Beazley has seen profits almost triple in the first half of the year after it was boosted by higher premiums.
Shares in the Lloyd’s of London insurer lifted higher in early trading as it recovered from a turbulent period of high payouts caused by natural disasters.
The firm said that a change in sentiment has driven a double-digit growth in premiums so far this year following the period of rising claims.
Beazley reported a 189% surge in pre-tax profits to 166.4 million US dollars (£133.8 million) for the six months to June 30.
The growth was driven by an increase in premiums, with gross premiums written over the period rising 12% to 1.48 billion dollars (£1.19 billion), compared to the same period in 2018.
The insurer said it forecast rate rises much higher than actually took place during the half-year, after heavy claims drove prices higher last year.
It highlighted marine, aviation and property as areas where the company is eyeing growth opportunities, due to better performance than in previous years.
Premiums for cyber risks rose by 18% while premiums for its political, accident and contingency division increased by 22% during the period.

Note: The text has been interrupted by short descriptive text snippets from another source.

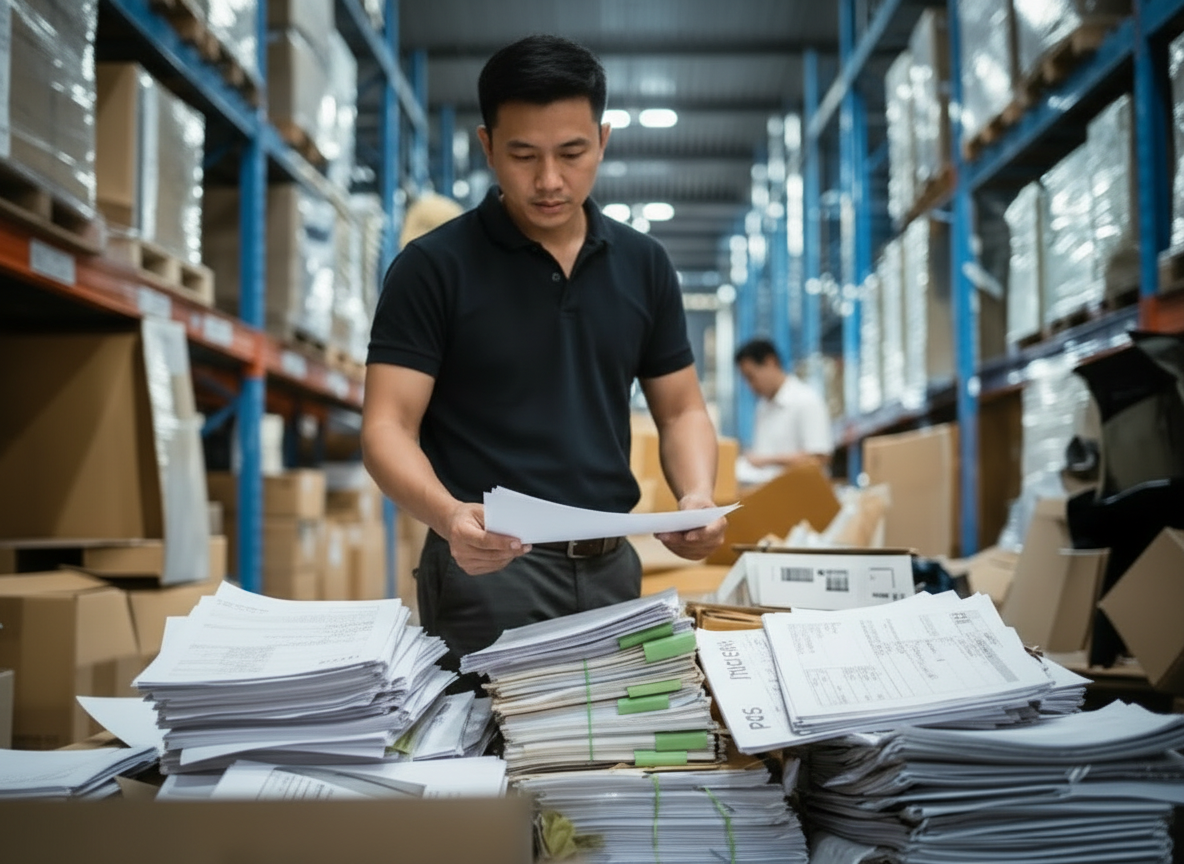 What Is EDI 864? Text Message Transaction Explained (2026)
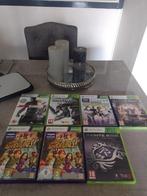 Tekoop diverse Xbox 360 spellen, 3 spelers of meer, Ophalen of Verzenden, Gebruikt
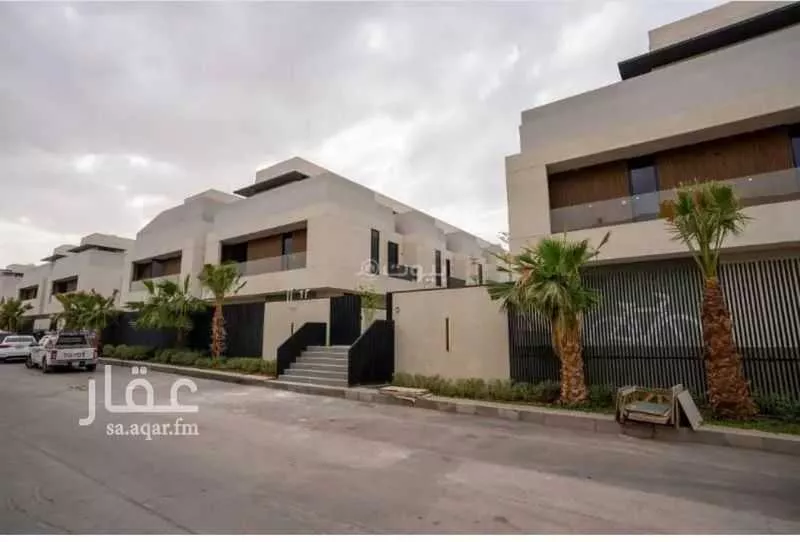 3 bedroom villa in Umm Al Hamam Al Gharbi, Riyadh 6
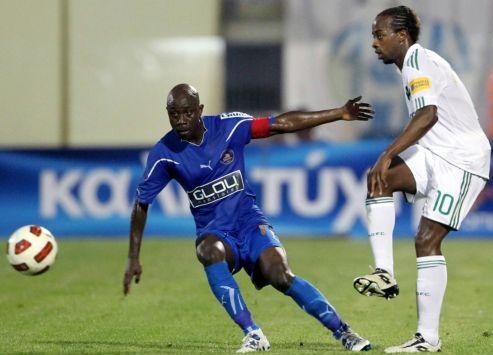 Για τον θάνατο του πατέρα του ενημερώθηκε ο Γκουβού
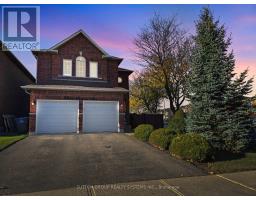 3945 FOXWOOD AVENUE, Mississauga, Ontario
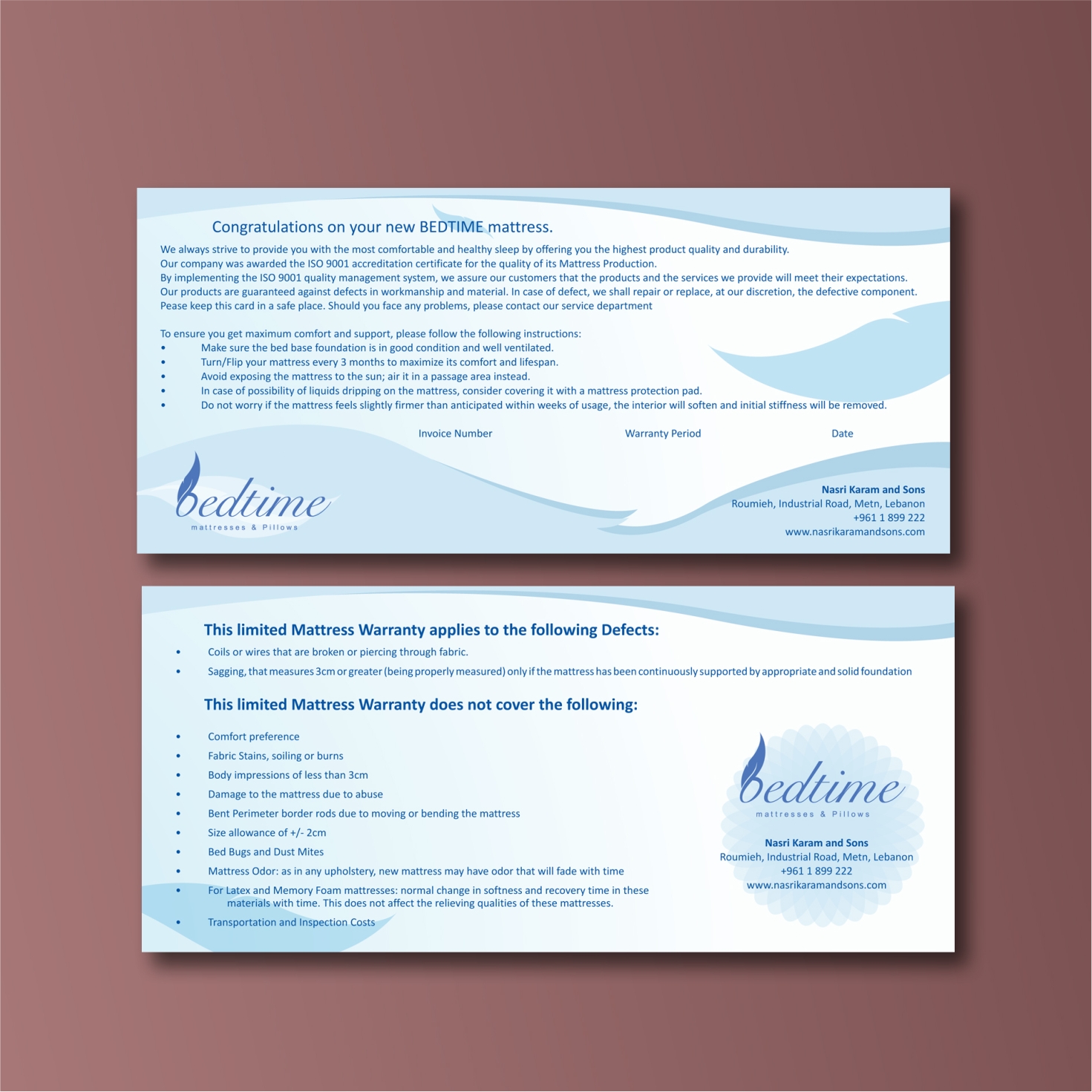 Diseño de Papelería por reyes graphic design para NKS | Diseño #12638607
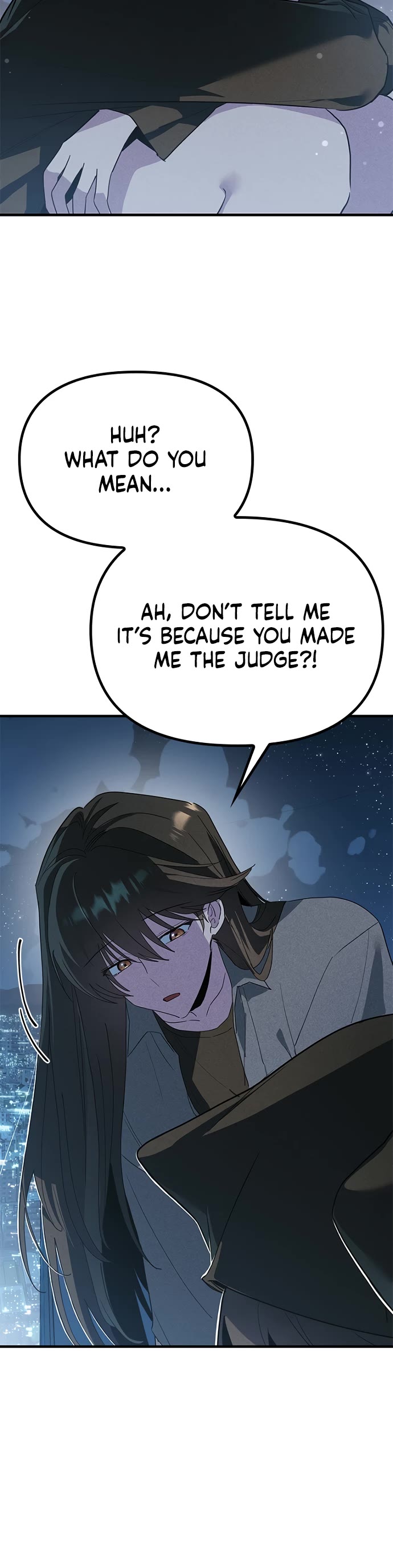 Twelve Zodiac Girls Chapter 48 page 37 - Chapter 48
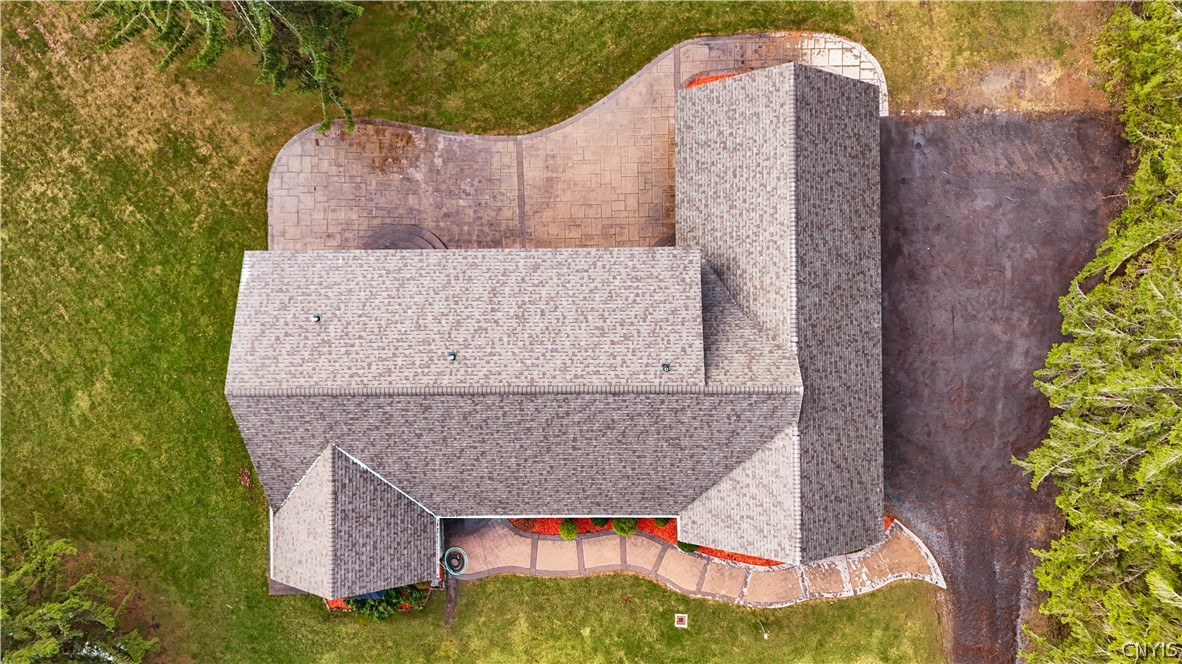 6092 Hawkins Corners Road Lee, NY 13363 - Photo 42 of 50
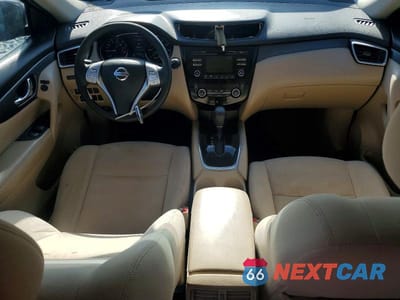 Zdjęcie 8 z 13 samochodu: 2016 NISSAN ROGUE SV VIN:KNMAT2MT6GP634734 - miniatura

Chief executive Andrew Horton said: “Beazley achieved strong premium growth in the first half of the year.
“Claims concentrated largely in our marine and reinsurance divisions drove our combined ratio to 100%, but premium rates have adjusted accordingly and margins in many lines of business now look healthier than they have in some years.”
In 2018 Beazley saw profits tumble as the insurance firm was stung by claims linked to several natural disasters in the US and Japan.
It paid out 110 million dollars (£85 million) to clients afflicted by a spate of natural catastrophes, which included two hurricanes in the US, Florence and Michael, and two typhoons in Japan, Jebi and Trami.
Shares in the company rose by 3.2% to 554p in early trading on Tuesday.